By default, SQLAlchemy keeps a db.Engine's pooled connections open forever (pool_recycle=-1). This is a problem in MySQL because of a config value called wait_timeout, which sets the MySQL server to kill idle connections after 8 hours. Therefore, it was possible for code to check out a connection from SQLAlchemy (via self.connect() on one of the storages) where the underlying DB connection had been removed. To rectify this, I am setting the pooled connections to recycle after 1 hour.
bk and Integration
Local testing involved setting the wait_timeout variable on the MySQL DB to 2 seconds & then sleeping for 3 or more seconds.
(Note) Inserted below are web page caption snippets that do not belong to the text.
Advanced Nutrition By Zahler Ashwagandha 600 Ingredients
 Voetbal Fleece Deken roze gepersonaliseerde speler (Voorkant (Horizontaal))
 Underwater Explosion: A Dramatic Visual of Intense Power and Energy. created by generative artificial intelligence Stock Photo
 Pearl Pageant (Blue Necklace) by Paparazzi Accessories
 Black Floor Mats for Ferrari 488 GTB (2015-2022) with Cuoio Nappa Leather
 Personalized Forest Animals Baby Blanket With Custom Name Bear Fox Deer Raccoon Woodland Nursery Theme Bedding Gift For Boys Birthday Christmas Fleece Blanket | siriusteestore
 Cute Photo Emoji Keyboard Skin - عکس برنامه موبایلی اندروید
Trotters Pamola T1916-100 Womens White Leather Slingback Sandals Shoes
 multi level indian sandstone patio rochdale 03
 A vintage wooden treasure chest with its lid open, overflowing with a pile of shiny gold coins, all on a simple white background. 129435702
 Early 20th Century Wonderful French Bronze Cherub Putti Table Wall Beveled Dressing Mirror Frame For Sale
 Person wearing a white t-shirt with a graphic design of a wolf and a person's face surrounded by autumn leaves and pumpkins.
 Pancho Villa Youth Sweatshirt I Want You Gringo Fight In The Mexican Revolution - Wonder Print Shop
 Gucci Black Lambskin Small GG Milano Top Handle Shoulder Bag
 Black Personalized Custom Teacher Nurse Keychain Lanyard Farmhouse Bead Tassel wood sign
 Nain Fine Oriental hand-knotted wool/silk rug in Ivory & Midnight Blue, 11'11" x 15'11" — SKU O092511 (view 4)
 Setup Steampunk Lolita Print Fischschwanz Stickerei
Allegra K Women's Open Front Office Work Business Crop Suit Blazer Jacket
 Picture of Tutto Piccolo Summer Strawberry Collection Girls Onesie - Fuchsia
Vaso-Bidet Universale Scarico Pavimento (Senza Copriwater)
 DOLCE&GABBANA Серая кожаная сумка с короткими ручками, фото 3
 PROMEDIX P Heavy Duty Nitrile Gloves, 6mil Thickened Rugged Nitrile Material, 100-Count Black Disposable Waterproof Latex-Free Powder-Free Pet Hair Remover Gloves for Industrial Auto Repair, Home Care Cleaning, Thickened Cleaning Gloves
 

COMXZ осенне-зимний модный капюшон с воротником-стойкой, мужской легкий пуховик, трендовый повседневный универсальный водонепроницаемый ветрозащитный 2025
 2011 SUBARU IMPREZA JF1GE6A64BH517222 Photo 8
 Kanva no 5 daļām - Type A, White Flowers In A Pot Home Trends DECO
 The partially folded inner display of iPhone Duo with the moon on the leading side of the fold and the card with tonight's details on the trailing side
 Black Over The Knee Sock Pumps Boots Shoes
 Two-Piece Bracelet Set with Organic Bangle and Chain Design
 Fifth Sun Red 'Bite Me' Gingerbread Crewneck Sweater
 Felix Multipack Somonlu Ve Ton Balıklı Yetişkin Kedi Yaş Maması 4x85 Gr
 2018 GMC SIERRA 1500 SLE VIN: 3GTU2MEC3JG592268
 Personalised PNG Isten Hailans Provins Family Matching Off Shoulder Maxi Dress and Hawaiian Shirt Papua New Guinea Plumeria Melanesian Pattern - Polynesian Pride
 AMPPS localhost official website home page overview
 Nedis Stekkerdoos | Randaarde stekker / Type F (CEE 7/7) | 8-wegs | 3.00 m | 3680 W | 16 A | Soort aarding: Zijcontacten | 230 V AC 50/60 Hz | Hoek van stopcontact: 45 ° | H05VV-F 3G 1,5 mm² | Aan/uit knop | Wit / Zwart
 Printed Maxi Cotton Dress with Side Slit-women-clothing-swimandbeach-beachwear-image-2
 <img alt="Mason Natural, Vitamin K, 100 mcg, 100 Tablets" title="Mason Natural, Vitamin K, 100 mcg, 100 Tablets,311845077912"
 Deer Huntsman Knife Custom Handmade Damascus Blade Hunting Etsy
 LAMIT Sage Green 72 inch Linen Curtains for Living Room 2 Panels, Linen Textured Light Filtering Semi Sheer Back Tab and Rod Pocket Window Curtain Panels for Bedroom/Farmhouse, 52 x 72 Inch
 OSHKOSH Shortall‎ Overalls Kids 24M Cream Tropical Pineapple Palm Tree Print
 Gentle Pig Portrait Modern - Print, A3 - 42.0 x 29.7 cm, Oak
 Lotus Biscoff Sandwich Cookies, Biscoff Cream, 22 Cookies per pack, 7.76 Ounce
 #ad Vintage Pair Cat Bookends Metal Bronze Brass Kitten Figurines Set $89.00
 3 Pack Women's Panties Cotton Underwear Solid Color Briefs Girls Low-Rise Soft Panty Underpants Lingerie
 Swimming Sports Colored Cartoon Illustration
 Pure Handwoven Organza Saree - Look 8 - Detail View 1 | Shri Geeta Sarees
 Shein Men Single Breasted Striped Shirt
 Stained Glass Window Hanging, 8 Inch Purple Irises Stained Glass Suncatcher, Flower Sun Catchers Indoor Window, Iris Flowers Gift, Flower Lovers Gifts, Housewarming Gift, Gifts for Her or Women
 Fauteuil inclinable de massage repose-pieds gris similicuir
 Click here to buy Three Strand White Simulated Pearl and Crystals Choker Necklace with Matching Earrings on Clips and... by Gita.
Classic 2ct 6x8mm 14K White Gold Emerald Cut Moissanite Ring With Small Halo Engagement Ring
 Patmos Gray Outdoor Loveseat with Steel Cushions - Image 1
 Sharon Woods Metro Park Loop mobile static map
Before this fix in Dagit we'd encounter an OperationalError as the MySQL connection was dead; however, after this fix (setting MYSQL_POOL_RECYCLE to instead be 1 second), this issue was not present in a long-running (15 minute+) session with frequent reloading.
The issue repro code looked something like this:
with self.connect() as conn: conn.execute('SET SESSION wait_timeout = 2;') time.sleep(3)
We should definitely add a test for this.
might eventually want to make this configurable, but this seems fine for now.
not sure this matters for NullPool
Added tests & removed the NullPool wait_timeout fix - there's no pool for that case so there's nothing to recycle
some assert here would be good